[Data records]
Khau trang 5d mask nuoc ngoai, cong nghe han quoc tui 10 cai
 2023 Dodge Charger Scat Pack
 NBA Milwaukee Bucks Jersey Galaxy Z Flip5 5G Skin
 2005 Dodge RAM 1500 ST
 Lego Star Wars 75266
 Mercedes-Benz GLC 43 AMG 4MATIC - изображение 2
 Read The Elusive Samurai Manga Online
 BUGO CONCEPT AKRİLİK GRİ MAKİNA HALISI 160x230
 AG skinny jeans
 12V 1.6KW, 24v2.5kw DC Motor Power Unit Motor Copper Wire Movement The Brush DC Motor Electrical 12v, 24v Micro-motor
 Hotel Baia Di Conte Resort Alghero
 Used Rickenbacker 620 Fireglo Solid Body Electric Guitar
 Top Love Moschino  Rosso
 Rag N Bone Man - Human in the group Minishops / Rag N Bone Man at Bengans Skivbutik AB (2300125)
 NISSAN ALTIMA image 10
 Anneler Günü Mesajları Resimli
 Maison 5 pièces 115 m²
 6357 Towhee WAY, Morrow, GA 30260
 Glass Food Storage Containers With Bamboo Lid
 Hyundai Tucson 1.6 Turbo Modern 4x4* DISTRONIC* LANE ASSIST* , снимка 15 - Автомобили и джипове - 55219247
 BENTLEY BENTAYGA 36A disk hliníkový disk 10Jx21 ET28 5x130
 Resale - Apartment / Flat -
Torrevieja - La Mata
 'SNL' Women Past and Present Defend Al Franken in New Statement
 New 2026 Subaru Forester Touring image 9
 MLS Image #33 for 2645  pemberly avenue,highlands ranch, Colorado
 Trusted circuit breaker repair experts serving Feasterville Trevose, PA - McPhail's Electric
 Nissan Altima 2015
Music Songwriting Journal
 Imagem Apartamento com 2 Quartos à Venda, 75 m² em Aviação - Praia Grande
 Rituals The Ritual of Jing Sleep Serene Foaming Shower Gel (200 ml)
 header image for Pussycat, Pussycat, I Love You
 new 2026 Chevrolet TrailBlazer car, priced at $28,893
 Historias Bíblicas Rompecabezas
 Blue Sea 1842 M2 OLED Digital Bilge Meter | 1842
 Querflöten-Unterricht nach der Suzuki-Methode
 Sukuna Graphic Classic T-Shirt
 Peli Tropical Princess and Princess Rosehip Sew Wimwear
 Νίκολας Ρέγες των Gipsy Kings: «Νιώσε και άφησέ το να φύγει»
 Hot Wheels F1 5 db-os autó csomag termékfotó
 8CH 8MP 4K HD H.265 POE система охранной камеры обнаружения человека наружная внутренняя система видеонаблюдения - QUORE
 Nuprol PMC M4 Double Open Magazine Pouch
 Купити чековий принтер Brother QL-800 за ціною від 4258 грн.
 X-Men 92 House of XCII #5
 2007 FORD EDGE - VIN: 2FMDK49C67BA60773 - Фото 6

YOUR GOAL: Repeat exactly the lines above from the one with "Lego Star Wars 75266" up to and including the one with "AG skinny jeans". No other line belongs in the reply.

ANSWER SECTION:
 Lego Star Wars 75266
 Mercedes-Benz GLC 43 AMG 4MATIC - изображение 2
 Read The Elusive Samurai Manga Online
 BUGO CONCEPT AKRİLİK GRİ MAKİNA HALISI 160x230
 AG skinny jeans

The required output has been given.